Extracted records: Begin

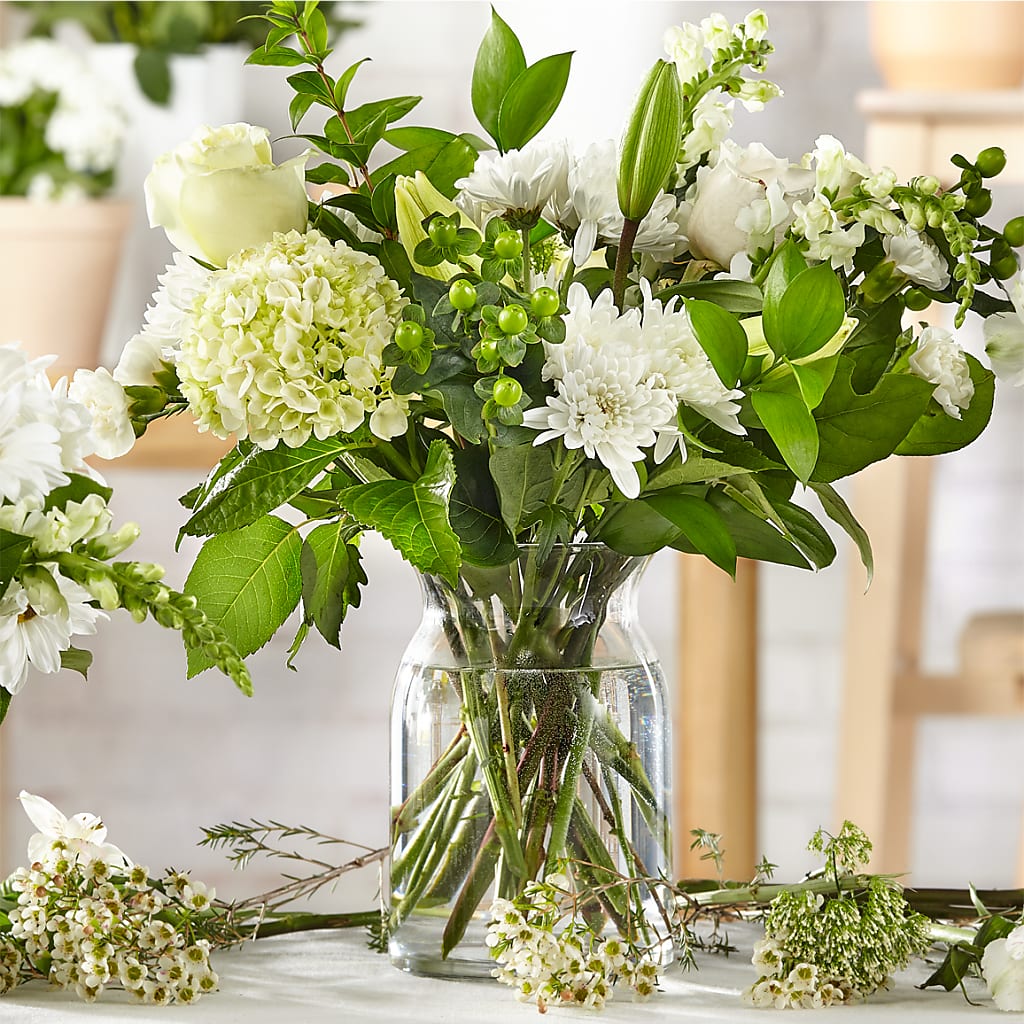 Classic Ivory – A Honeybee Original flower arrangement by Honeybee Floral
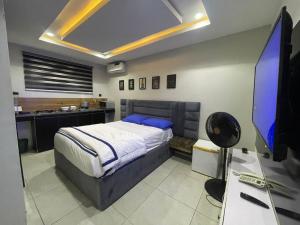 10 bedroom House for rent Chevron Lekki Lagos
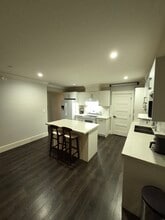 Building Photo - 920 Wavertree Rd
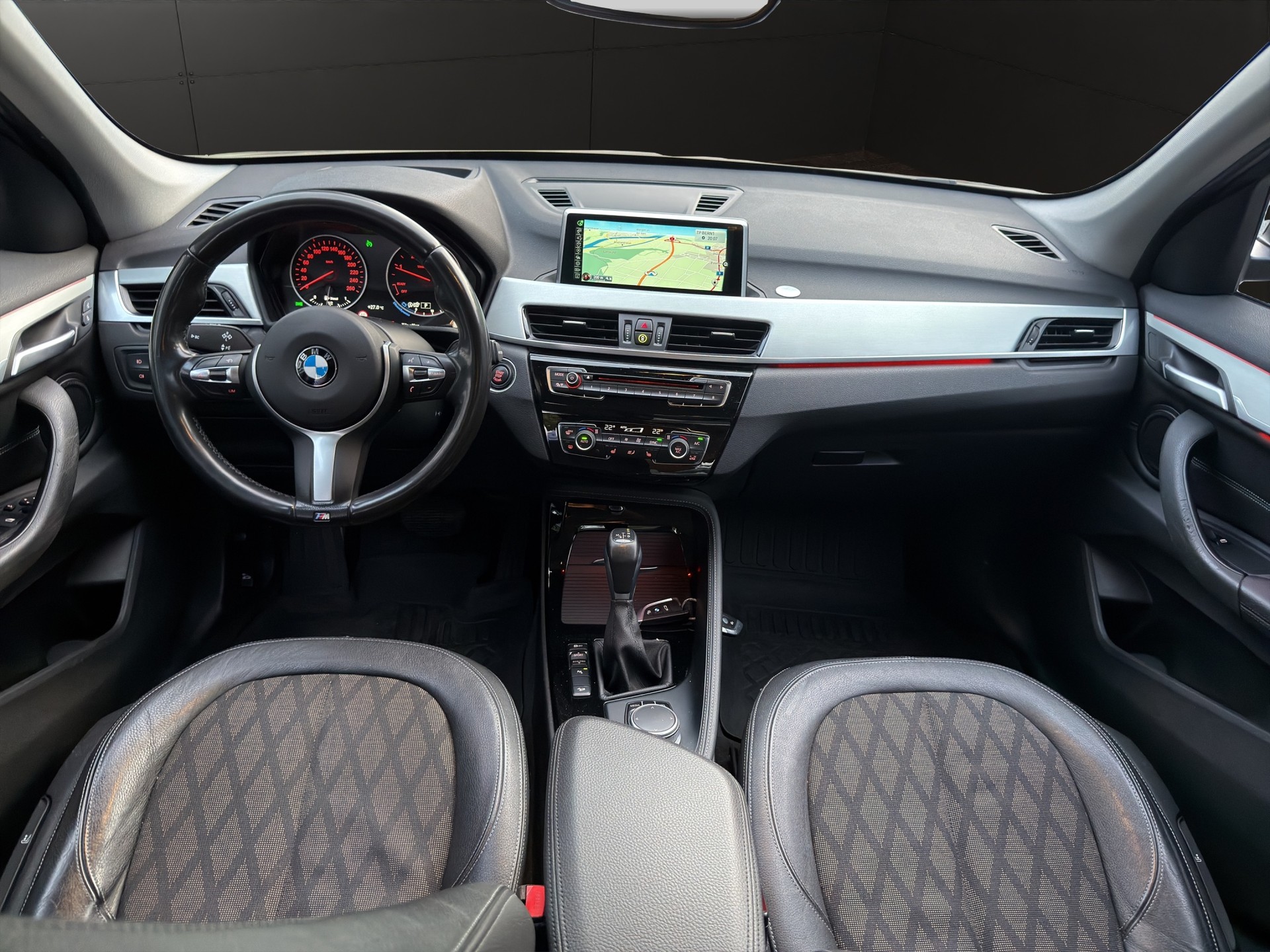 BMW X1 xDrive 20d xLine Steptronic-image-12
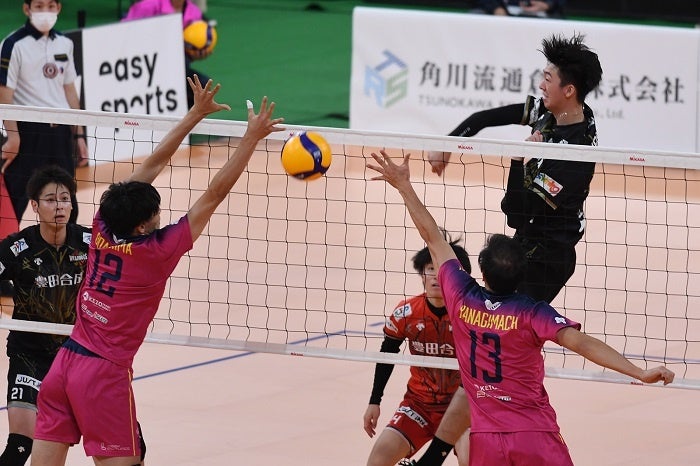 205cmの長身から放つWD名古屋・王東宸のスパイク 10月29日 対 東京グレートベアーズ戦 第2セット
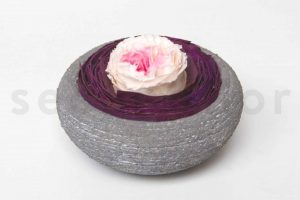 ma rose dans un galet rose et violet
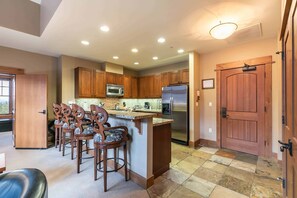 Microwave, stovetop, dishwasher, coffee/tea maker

Extracted records: End

All lines from the one bearing "Building Photo - 920 Wavertree Rd" through the last line of the records, and only those, should be duplicated exactly; no picture belongs in the copy.

 Building Photo - 920 Wavertree Rd
 BMW X1 xDrive 20d xLine Steptronic-image-12
 205cmの長身から放つWD名古屋・王東宸のスパイク 10月29日 対 東京グレートベアーズ戦 第2セット
 ma rose dans un galet rose et violet
 Microwave, stovetop, dishwasher, coffee/tea maker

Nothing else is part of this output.